The binomial distribution then gives the probability
that $$n$$ out of the $$N$$ trials succeed:
$$\begin{aligned}
\boxed{
P_N(n) = \binom{N}{n} \: p^n q^{N - n}
}
\end{aligned}$$
The first factor is known as the **binomial coefficient**, which describes the
number of microstates (i.e. permutations) that have $$n$$ successes out of $$N$$ trials.
These happen to be the coefficients in the polynomial $$(a + b)^N$$,
and can be read off of Pascal's triangle.
It is defined as follows:
$$\begin{aligned}
\boxed{
\binom{N}{n} = \frac{N!}{n! (N - n)!}
}
\end{aligned}$$
The remaining factor $$p^n (1 - p)^{N - n}$$ is then just the
probability of attaining each microstate.

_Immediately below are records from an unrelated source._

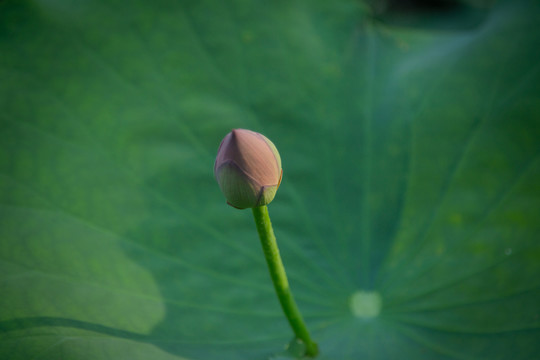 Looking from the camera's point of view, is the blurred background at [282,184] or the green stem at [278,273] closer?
the green stem at [278,273]

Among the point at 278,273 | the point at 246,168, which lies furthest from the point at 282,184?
the point at 246,168

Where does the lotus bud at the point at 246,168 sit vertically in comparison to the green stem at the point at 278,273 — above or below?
above

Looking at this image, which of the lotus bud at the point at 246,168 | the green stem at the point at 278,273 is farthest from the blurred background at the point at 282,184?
the lotus bud at the point at 246,168

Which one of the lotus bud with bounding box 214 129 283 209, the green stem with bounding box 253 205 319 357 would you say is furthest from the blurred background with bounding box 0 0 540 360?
the lotus bud with bounding box 214 129 283 209

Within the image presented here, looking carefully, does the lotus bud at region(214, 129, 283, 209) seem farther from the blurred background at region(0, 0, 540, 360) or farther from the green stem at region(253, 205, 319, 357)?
the blurred background at region(0, 0, 540, 360)

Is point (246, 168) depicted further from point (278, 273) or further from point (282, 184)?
point (282, 184)

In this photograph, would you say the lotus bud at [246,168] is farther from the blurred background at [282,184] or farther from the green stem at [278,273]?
the blurred background at [282,184] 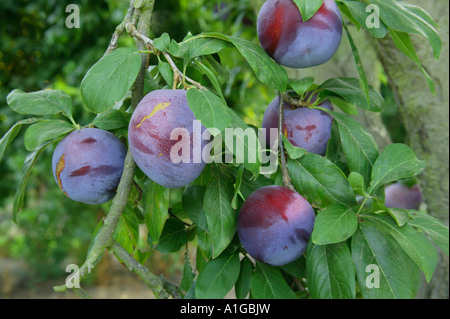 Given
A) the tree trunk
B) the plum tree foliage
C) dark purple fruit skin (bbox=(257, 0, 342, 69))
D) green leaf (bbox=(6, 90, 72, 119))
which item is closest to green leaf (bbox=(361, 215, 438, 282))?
the plum tree foliage

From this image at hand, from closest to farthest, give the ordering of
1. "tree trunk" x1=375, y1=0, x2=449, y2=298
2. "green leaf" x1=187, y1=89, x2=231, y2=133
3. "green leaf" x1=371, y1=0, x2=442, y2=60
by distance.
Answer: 1. "green leaf" x1=187, y1=89, x2=231, y2=133
2. "green leaf" x1=371, y1=0, x2=442, y2=60
3. "tree trunk" x1=375, y1=0, x2=449, y2=298

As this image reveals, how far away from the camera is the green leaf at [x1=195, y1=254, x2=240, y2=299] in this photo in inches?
21.2

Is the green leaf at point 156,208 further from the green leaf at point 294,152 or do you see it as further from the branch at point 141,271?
the green leaf at point 294,152

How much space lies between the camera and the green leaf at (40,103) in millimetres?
582

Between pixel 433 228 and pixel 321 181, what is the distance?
16 cm

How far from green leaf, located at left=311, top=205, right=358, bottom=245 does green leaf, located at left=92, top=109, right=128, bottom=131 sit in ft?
0.86

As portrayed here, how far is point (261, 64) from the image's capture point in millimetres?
517

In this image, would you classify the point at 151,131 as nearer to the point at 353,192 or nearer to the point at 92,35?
the point at 353,192

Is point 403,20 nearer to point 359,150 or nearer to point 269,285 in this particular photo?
point 359,150

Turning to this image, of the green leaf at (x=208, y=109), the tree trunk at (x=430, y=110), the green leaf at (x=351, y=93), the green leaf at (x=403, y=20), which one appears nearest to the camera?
the green leaf at (x=208, y=109)

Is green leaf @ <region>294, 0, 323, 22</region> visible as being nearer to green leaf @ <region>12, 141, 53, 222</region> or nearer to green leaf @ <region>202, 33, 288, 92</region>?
green leaf @ <region>202, 33, 288, 92</region>

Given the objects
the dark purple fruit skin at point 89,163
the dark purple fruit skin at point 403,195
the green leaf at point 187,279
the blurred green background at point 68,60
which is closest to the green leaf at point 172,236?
the green leaf at point 187,279

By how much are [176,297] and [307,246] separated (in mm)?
185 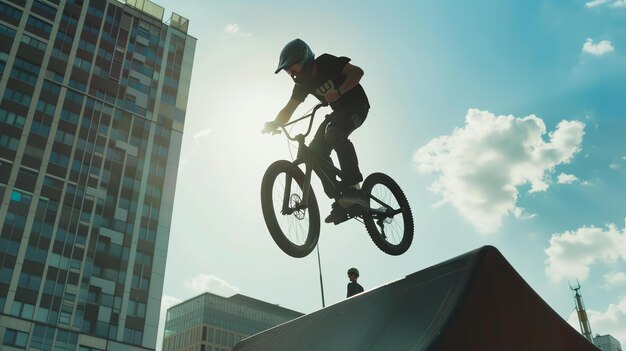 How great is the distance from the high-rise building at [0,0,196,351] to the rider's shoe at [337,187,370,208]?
185 ft

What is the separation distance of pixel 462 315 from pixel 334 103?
3203 millimetres

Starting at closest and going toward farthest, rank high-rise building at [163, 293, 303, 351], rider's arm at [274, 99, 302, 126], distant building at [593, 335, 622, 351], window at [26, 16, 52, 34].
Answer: rider's arm at [274, 99, 302, 126]
window at [26, 16, 52, 34]
high-rise building at [163, 293, 303, 351]
distant building at [593, 335, 622, 351]

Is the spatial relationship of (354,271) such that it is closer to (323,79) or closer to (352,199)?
(352,199)

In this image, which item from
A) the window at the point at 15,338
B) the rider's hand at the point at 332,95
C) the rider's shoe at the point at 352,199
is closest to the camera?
the rider's hand at the point at 332,95

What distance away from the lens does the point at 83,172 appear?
204 feet

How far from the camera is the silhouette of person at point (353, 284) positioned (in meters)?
8.52

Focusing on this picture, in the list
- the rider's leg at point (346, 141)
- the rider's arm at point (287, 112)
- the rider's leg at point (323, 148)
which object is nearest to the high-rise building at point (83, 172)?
the rider's arm at point (287, 112)

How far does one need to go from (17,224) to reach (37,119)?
1306cm

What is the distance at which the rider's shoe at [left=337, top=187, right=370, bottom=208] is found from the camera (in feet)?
19.3

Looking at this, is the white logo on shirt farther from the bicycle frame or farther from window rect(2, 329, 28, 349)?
window rect(2, 329, 28, 349)

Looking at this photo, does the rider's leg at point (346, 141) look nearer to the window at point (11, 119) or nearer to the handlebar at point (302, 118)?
the handlebar at point (302, 118)

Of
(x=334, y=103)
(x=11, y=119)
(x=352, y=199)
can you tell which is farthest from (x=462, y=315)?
(x=11, y=119)

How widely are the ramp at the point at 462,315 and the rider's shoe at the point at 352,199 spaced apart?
4.35 ft

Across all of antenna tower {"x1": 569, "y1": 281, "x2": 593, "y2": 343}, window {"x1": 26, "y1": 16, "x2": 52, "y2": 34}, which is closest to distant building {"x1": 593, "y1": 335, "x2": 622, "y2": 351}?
antenna tower {"x1": 569, "y1": 281, "x2": 593, "y2": 343}
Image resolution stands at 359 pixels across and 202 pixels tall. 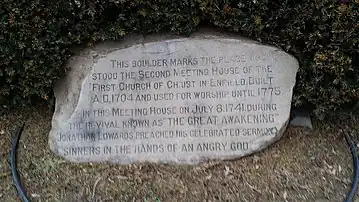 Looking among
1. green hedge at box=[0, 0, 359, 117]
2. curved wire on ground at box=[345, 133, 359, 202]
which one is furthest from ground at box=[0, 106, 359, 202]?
green hedge at box=[0, 0, 359, 117]

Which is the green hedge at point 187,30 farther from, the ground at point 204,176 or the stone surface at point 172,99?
the ground at point 204,176

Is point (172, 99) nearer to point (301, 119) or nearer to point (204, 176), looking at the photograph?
point (204, 176)

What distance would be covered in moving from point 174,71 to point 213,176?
2.78 feet

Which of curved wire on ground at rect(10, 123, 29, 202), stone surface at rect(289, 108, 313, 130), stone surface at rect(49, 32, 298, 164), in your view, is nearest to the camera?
curved wire on ground at rect(10, 123, 29, 202)

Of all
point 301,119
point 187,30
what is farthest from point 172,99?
point 301,119

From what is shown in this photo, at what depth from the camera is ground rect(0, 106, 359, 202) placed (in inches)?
144

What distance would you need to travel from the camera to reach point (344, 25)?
12.1 ft

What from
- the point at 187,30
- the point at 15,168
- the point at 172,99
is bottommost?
the point at 15,168

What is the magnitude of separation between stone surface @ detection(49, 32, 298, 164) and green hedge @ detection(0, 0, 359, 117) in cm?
12

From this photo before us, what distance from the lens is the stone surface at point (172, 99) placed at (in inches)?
153

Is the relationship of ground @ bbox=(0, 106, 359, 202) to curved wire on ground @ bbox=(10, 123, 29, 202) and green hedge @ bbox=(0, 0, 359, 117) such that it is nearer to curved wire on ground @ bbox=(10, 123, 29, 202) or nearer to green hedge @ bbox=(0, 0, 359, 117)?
curved wire on ground @ bbox=(10, 123, 29, 202)

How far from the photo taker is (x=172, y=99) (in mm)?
3920

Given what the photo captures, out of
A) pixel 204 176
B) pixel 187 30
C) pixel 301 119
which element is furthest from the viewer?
pixel 301 119

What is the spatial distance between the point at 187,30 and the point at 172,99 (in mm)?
534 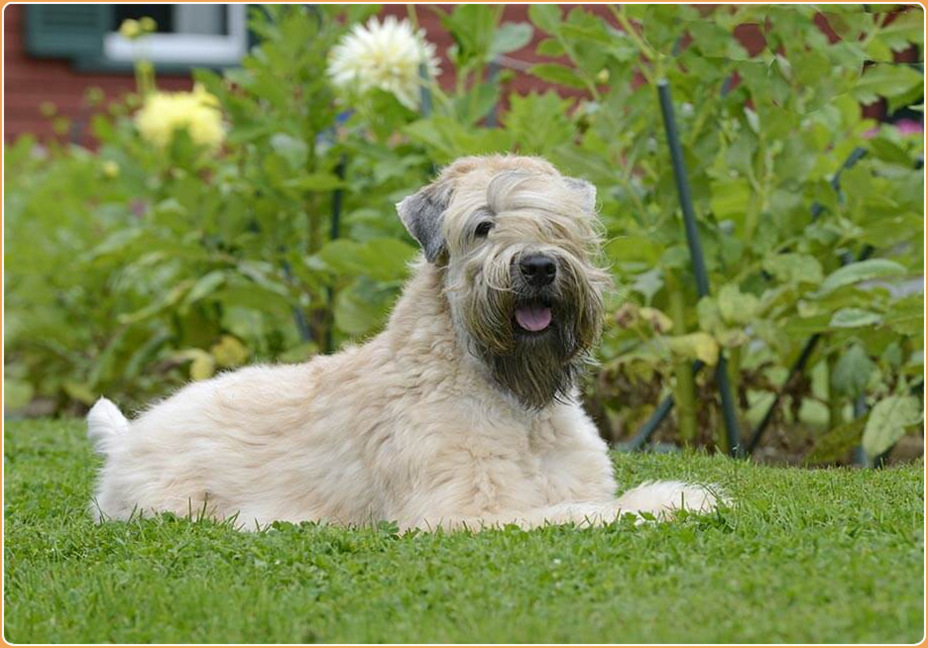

The expected or mean number of successes $$\mu$$ after $$N$$ trials is as follows:
$$\begin{aligned}
\boxed{
\mu = N p
}
\end{aligned}$$
{% include proof/start.html id="proof-mean" -%}
The trick is to treat $$p$$ and $$q$$ as independent and introduce a derivative:
$$\begin{aligned}
\mu
&= \sum_{n = 0}^N n P_N(n)
= \sum_{n = 0}^N n \binom{N}{n} p^n q^{N - n}
= \sum_{n = 0}^N \binom{N}{n} \bigg( p \pdv{(p^n)}{p} \bigg) q^{N - n}
\end{aligned}$$
Then, using the fact that the binomial coefficients appear when writing out $$(p + q)^N$$:
$$\begin{aligned}
\mu
&= p \pdv{}{p}\sum_{n = 0}^N \binom{N}{n} p^n q^{N - n}
= p \pdv{}{p}(p + q)^N
= N p (p + q)^{N - 1}
\end{aligned}$$
Finally, inserting $$q = 1 - p$$ gives the desired result.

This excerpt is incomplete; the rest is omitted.